Midseason International Hockey Tournament
The NHL is already somewhat doing this by taking a two-week break every four years to allow players to participate in the Winter Olympics instead of holding an All-Star Game. While there is currently some debate as to whether or not the NHL will continue to allow their players to go to the Olympics, they should not only continue to do so, but extend their policy of taking a midseason break in the name of international hockey.
Another international tournament on the horizon – which is making a comeback this September – is the World Cup of Hockey. How about this: instead of playing the tournament in the fall and competing with the NFL and home stretch of the baseball season, move the tournament to February when both the NFL and MLB seasons are over. This is precisely when the league wants to shine a spotlight on hockey.
The difference here is twofold: unlike the Olympics, this is entirely under the control of the NHL and its revenue streams, which means the league can conduct the tournament in its best interest, and unlike the All-Star Game, this would be a meaningful competition that fans could get behind.
The other additional benefit would be that you’d likely get better player turn out with there being national pride on the line and with more teams, you’d have additional roster spots to showcase the NHL’s talent. As it stands now – even with the current rule in place that dictates a player must sit out the first game after the All-Star break if he skips the All-Star Game because of an injury, some of the league’s top stars skip out on the festivities. This year’s hookies include two of the NHL’s biggest names in Jonathan Toews and Alexander Ovechkin.
And of course, you can expect more international attention on the NHL and hockey compared to its current All-Star Game format as fans from the likes of Sweden, Finland, Russia and Czech Republic root on their respective nations. Why the NHL stopped its Premiere Series is a head scratcher.
What About Odd Years?
This is all well and good, but what about years when there is no Olympics and no World Cup of Hockey (assuming it’ll be held every four years)? There’s two options: create additional tournaments or do nothing (because no one would miss a lackluster All-Star exhibition).
Let’s assume the NHL wouldn’t be content with standing pat, especially with already giving up control to the IIHF and Olympics once every four years. Then we’d just need to come up with a different format, which could include: different teams, having a round-robin tournament or other format, playing with different rules or a different prize.

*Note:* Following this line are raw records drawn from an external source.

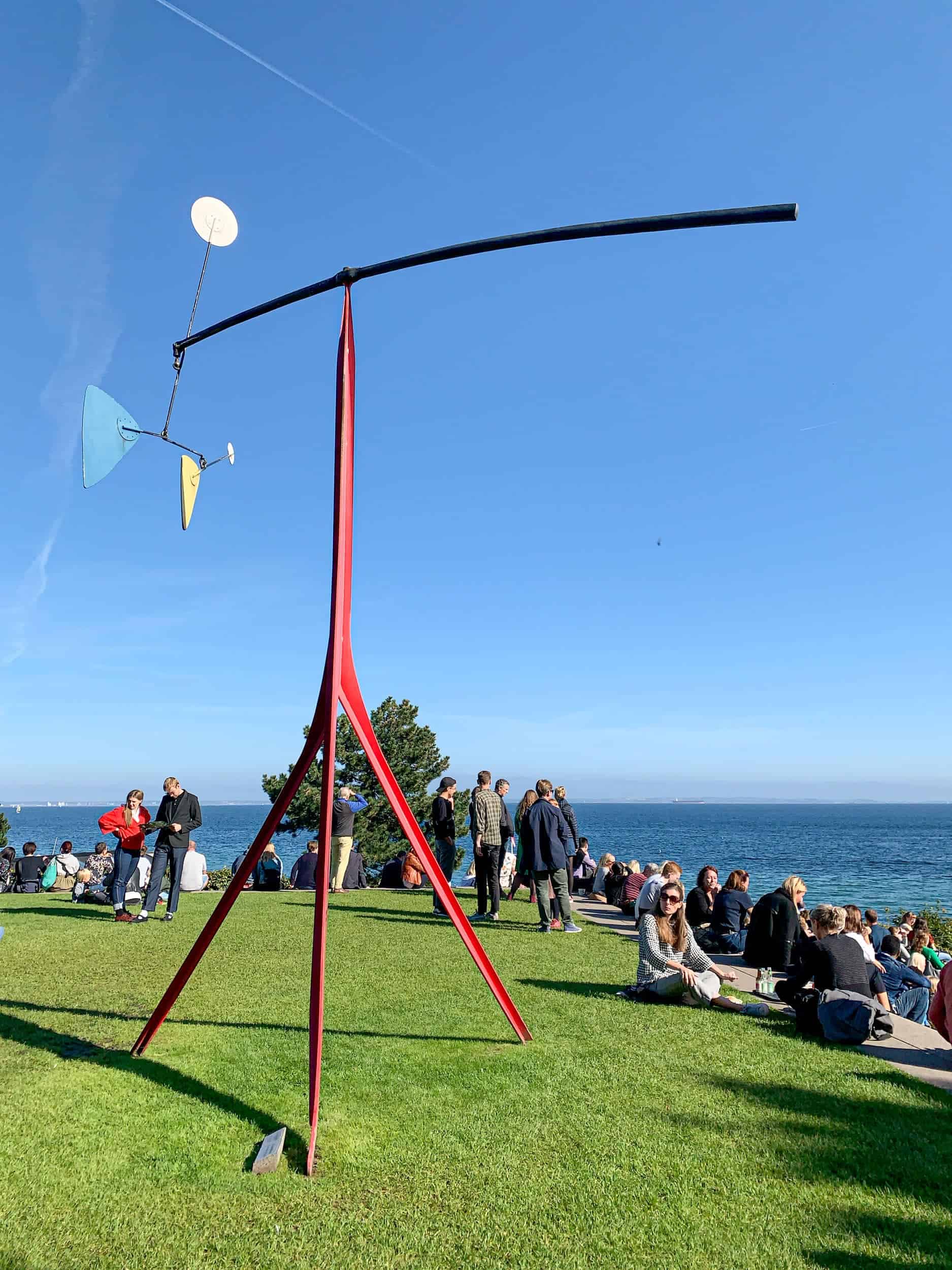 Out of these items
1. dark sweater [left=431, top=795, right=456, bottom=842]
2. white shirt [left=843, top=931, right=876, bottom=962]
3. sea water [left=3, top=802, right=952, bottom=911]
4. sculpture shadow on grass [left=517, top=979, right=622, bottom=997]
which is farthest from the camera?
sea water [left=3, top=802, right=952, bottom=911]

If you have ideas, let us hear them in the comments section!
By having a different tournament every year, it’d keep it fresh and interesting, because even the Winter Classic is getting stale.
For those who thinks this idea sounds crazy, let’s remember that European hockey leagues take an annual break around February so it’s not uncommon, and soccer leagues routinely cater to international scheduling. At least we can all agree that meaningful hockey is better than meaningless hockey.